Start of MATERIAL FOR THE TASK

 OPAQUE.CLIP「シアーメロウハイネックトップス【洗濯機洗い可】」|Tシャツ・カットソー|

End of MATERIAL FOR THE TASK
Start of MATERIAL FOR THE TASK

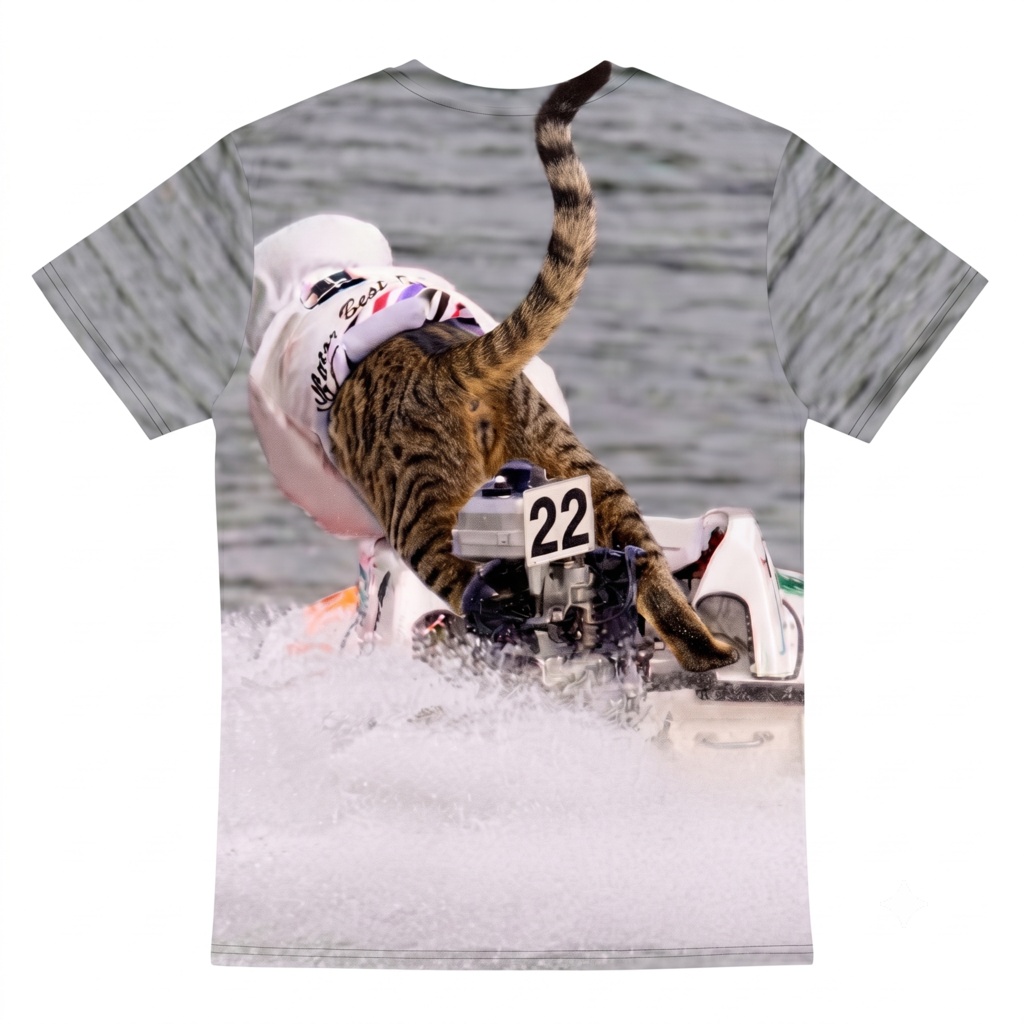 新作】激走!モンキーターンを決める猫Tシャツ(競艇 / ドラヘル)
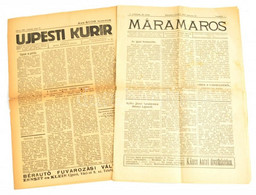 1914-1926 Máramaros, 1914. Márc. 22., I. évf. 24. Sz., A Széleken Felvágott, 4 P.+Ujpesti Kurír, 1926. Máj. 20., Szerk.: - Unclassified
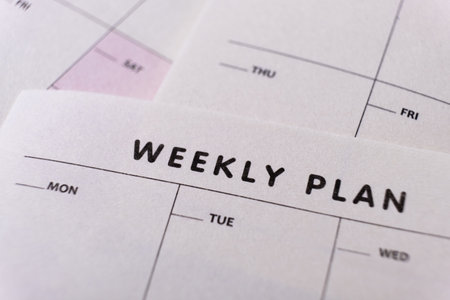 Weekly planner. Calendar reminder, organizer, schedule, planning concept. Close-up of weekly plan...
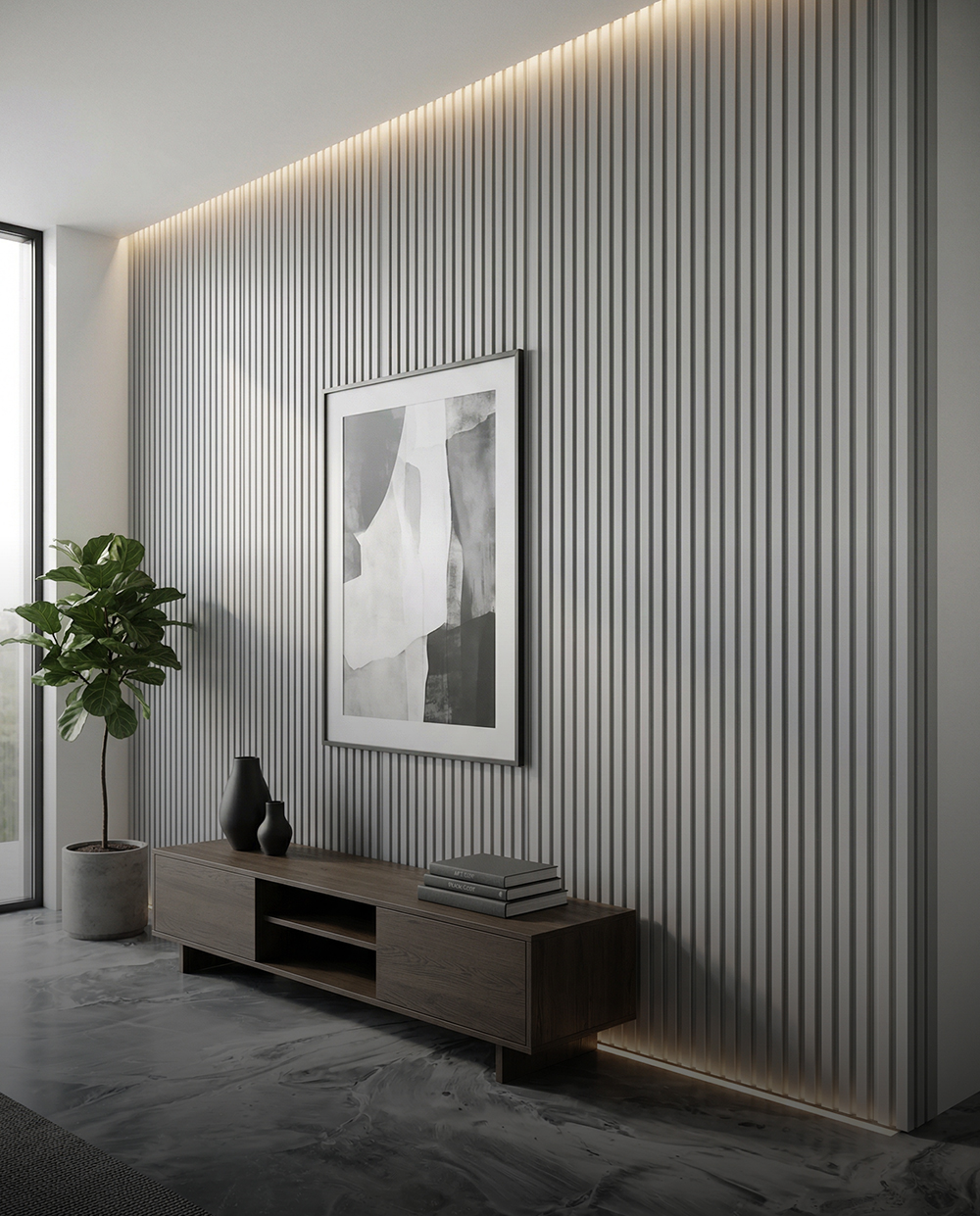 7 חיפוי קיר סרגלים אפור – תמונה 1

End of MATERIAL FOR THE TASK
Start of MATERIAL FOR THE TASK

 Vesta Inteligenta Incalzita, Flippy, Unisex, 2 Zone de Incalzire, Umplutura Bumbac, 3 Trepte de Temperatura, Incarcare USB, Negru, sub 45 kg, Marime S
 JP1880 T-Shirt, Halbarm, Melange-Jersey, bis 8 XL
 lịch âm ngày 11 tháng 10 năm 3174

End of MATERIAL FOR THE TASK

I'd like the lines above repeated exactly, from the one that contains "1914-1926 Máramaros, 1914." through the one that contains "7 חיפוי קיר סרגלים אפור – תמונה 1", with no pictures.

▸ **REPLY**:
 1914-1926 Máramaros, 1914. Márc. 22., I. évf. 24. Sz., A Széleken Felvágott, 4 P.+Ujpesti Kurír, 1926. Máj. 20., Szerk.: - Unclassified
 Weekly planner. Calendar reminder, organizer, schedule, planning concept. Close-up of weekly plan...
 7 חיפוי קיר סרגלים אפור – תמונה 1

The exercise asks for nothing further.